["THE TRIBUTE OF CHILDREN."]
BY HELEN P. JENKINS.
I am going to tell you, Young People, something about a once famous body of men called the Janissaries. You may pronounce the word as if spelled Yanissaries.
A few hundred years ago, when the nations of Europe were more given to fighting than they are now (though they seem in this day to like it pretty well), the most celebrated soldiers in the world were the Janissaries. At that time armies were not drilled as thoroughly as they are to-day, but so well disciplined, so fierce, and so successful were the Janissaries that their name became a terror throughout Europe.
Who these soldiers were is a curious and a sad story. They were Turkish troops, but they were not Turks by birth, and that is why the story is a sad one. The Turks came from Asia into Europe about six hundred years ago. They conquered the southeastern part of Europe, which is called Turkey, and little by little, by dreadful fighting, they got possession of Greece, and several states north of it. Finally they took the beautiful city of Constantinople, which the Christians so long and so gallantly defended. The Turks brought with them a religion, a costume, and a government different from any the people in Europe had been accustomed to. They were Mohammedans, while the people of the conquered countries were Christians. You can easily believe that the Christian people did not love the race that had robbed them of their country and their freedom, nor did they submit very willingly to their fate.
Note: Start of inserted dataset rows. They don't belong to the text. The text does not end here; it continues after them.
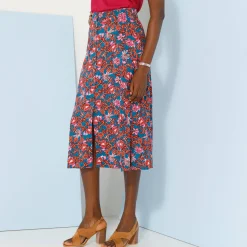 Rok<Blancheporte Effen rok met knopen en bloemenprint, viscose blauw / violine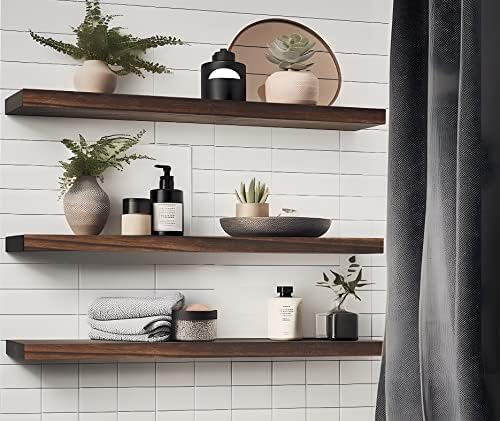 24 Inch Brown Wood Floating Shelves - Image 7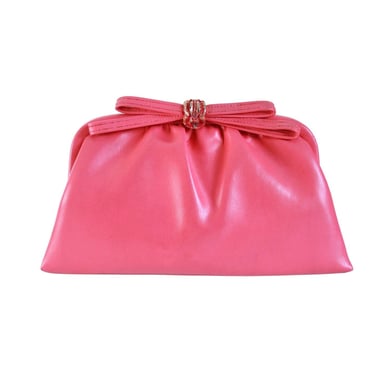 1960s Pink Faux Leather Clutch - Vintage Pink Clutch Purse - Vintage Pink Pin Up Purse - 60s Pink Purse - Vintage Pink Handbag - 60s Purse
Now the Turkish government took a very cunning and cruel way to increase the strength of its own army, and weaken the people they were conquering. It took from the Christian people every year one thousand of their brightest boys to train them for the Turkish army. This is called in history "the tribute of children." Some historians say that all the boys over seven years of age "who promised any excellence in mind or body" were captured by the Turks; but probably the "annual tax of one thousand children" is a more reliable statement. As this "tribute of children" was kept up for over three hundred years, not less than 300,000 noble Christian children were torn from their homes, and their strength turned against their own people. The delicate and deformed and dull were not taken, for the Turkish government wanted to make a body of soldiers the finest in size and strength and courage the world had ever seen; and, besides, the puny and dull boys would never be of much service to the Christians; so it was very safe to leave them with their own people.
Can you think of a meaner way of gaining victories than to kidnap the finest children of a conquered race, so there should be no grand, strong men among them, and then to make these boys, when grown to men, fight against their own flesh and blood? I do not think history records anything more base.
How glad a Christian mother must have been if her boy was pale and puny, or her children were all girls! Do you not believe that parents sometimes hid their boys in the mountains when the Turkish officers were about, or taught them to look sick or silly? I have never read in any books that they did do so, but I do not doubt it myself. Yet it is said that so much care was given to the training of these bright boys, and such honors sometimes conferred upon them by the government, that the very poor people were sometimes willing their sons should go away from them forever to enter the service of the Turks. It seems to me it must have been a dreadful poverty and ignorance that could have made Christian mothers willing to give up their sons to the enemy of their country and their religion.
These boys were taken from their homes so young they soon forgot kindred and country, the religion, and even the language of their fathers. They were usually carried to some portion of Asia Minor, where they were trained severely to abstinence and endurance of all kinds, to fit them for service. Those who proved greatly superior in mind were fitted for places of trust in the government—some were made pages in the Sultan's palace—but those who were strong and large of stature were trained for war. And it was these Christian boys who constituted the celebrated Janissaries, and won such great victories for the Turkish nation for three hundred years, that its influence and power was felt and dreaded throughout the civilized world.